Influence of Ammonia Emissions on Aerosol Formation in Northern and Central Europe

Abstract

High concentrations of particles pose a threat to human health and the environment. In this study the influence of ammonia (NH₃) emissions on aerosol concentration in central Europe is investigated. Depending on crop growth, temperature and local legislation individual temporal profiles for fertilizer and manure application are calculated for each model grid cell of the SMOKE-EU emission model. The emission data was used as input for the CMAQ chemical transport model. Comparisons to EMEP observations indicate that the new ammonia emission module leads to a better agreement of modeled and observed concentrations. The model was used then to assess the influence of emission changes. It was found that a reduction of ammonia emissions by 50 % lead to a 24 % reduction of total PM_2.5 concentrations in the model domain during winter, mainly driven by reduced formation of ammonium nitrate.

Questions and Answers

Questioner Name: Anthony Dore

Q: Your model has a different temporal ammonia emission profile for each grid square. How well can you capture different regional farming practices and national legislation on the timing of application of fertilizer and manure?

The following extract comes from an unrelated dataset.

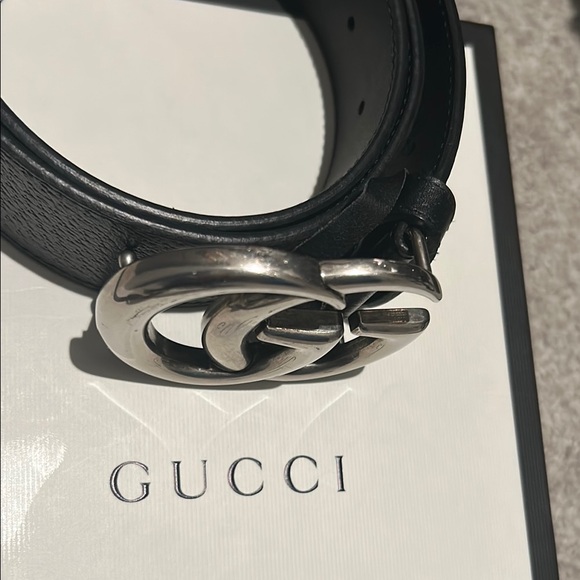 Gucci Black Leather Belt with Silver Buckle - Picture 2 of 6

A: Regional farming practices are only taken into account through the crop growth model and its dependency on the meteorological conditions. The results of the model study show that the application of manure and fertilizer takes place earlier in the year if the regional climate is warmer, which is e.g. visible if comparing southern France and Denmark. Additionally the first and last day of fertilizer application and manure application per country if mentioned in the legislation have been adopted to capture the legislations. In countries with a federal system the closed periods, adopted from a study of the European commission on the variation of manure N efficiency throughout Europe (EC 2009), differ from region to region. The closed periods used in this study represent a simplified version of reality as they don’t differentiate between regional legislations (EC 2009).

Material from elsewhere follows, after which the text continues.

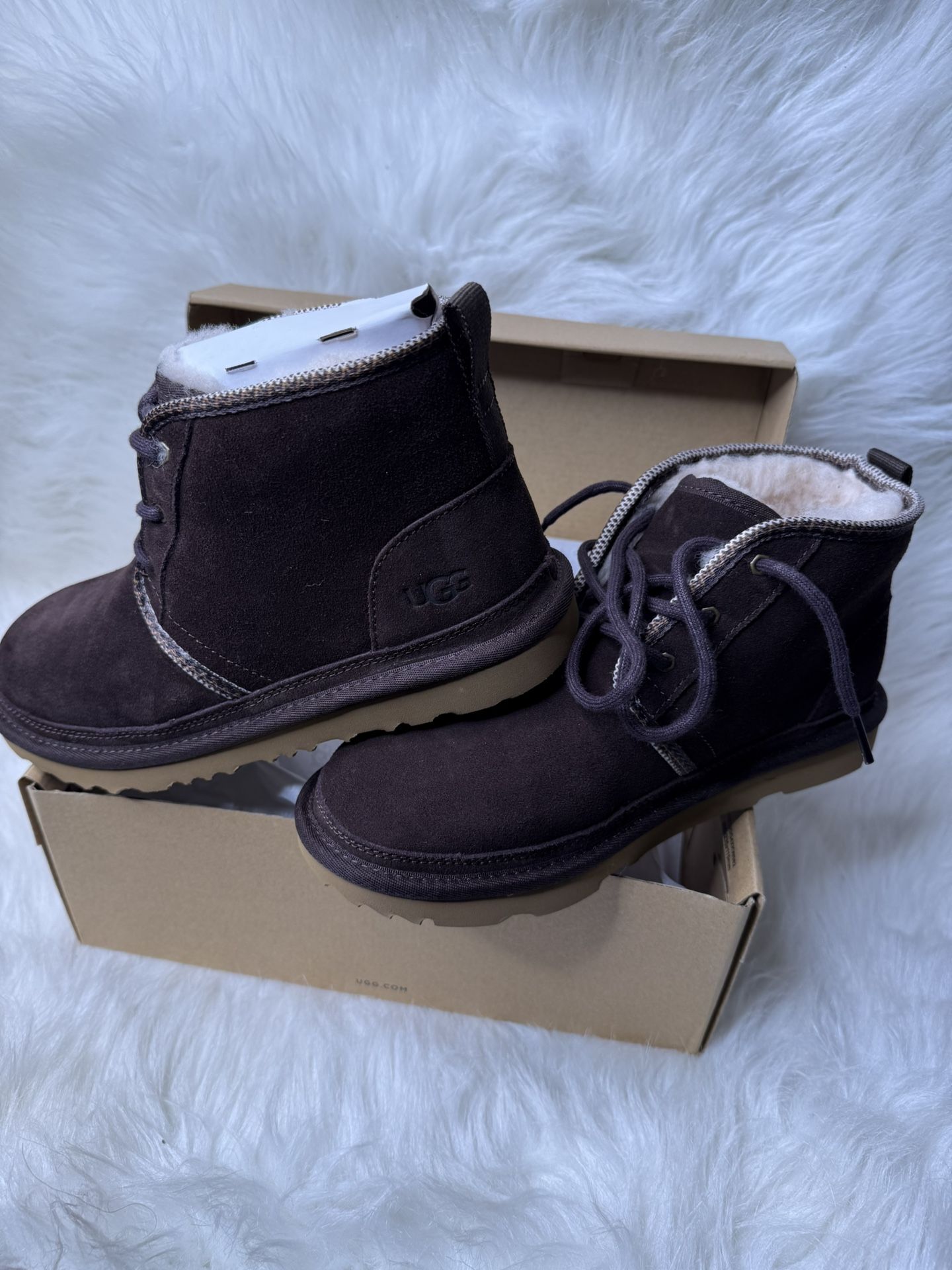 UGG Neumel classic chukka boot (Size 5)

Questioner Name: Wouter Lefebvre

Q: Can you specify the decrease in meat consumption in the RCAP scenario?

A: To calculate the decrease in NH₃ arising from the consumption change, the actual consumption of ruminant, pork and poultry meat (including eggs) per country has been compared with the consumption in case of a healthy diet. The data of meat consumption per capita has been adopted from the statistic division of the food and agriculture organization (FAOSTAT 2014) for all countries of the European Union. The per capita consumption of ruminant meat consists of food commodities of cattle, sheep and goat meat in 2008. The difference of the actual consumed amount and the recommended amount has been calculated for the three categories, so that the percentage of reduction per species and country could be applied on the gridded livestock inventories of the Food and Agriculture Organization (FAO) (FAO 2007).

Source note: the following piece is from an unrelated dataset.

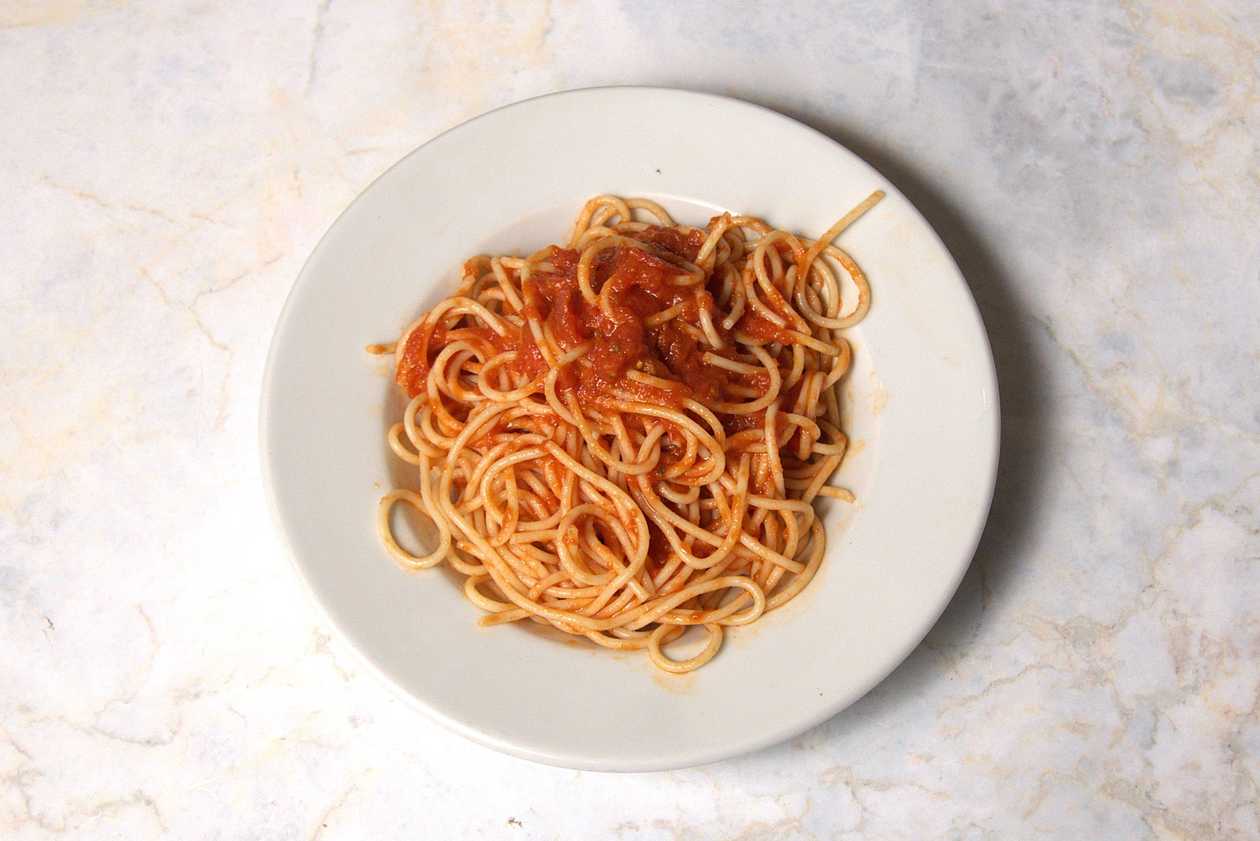 Spaghetti with Tomato Sauce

E.g. for Poland the percentage of ruminants per grid cell has been decreased by 25 % the percentage of pork by 93 % and the percentage of poultry by 43 %. For the Netherlands the decrease in ruminants is higher (79 %), while pork decreases by 89 % and poultry by 60 % per grid cell. Other sectors as manure application have not been affected by this decrease in animal density. As the recommendation assumes no change in the intake of milk products, only cattle and no change in the amount of dairy cows has been considered in the calculations. A change in the export of animal products has not been considered either, assuming that other regions in the world with an increasing consumption will be able to meet their own market demands in the future (FAOSTAT 2014; FAO 2007).

Questioner Name: Sebnem Aksoyoglu

Q: We did a similar study using the TNO emission inventory. The modelled and measured NH₃ temporal profile were different. Measurements had higher peaks in summer than in spring. Did you have a similar case in your domain?

A: Our emission model is based on a statistical approach. Thus, we cannot reproduce single emission peaks. However, the main fertilization peak which is assumed at the beginning of Mach in the ‘standard temporal profiles’ occurs much later in our emission model. For the central European domain shown in this work it is, on average, at the beginning of May (Fig. 5.1). In colder regions it can be as late as June.

Questioner Name: Limei Ran

Q: How many crops are modeled in the crop growth model?

A: The crop growth parameters used are based on the four crop types: spring, barley, winter wheat, sugar beets, and grass crops.

Q: What is the main cause of the peak in NH₃ emission in the fall?

A: The main cause for the peak in NH₃ emissions in the fall is the dumping of surplus manure on fields due. This effect is assumed to be a reaction on a European law forcing the farmers to have enough capacity of manure storage in relation to the amounts of animals for the whole winter.

Questioner Name: P.J.H. Builtjes

Q: How big is the largest difference between the EDGAR and the EMEP files?

A: Total European ammonia emissions are quite similar in both emission inventories. However, EDGAR has a better spatial resolution and distinguishes between emissions from agricultural activity and animal husbandry. On the other hand, we found a few unexplained features in the EDGAR inventory. For example, there were extremely high emissions from agriculture in Luxembourg which we deemed unrealistically high. Thus, we used the national totals from EMEP to adjust the EDGAR inventory.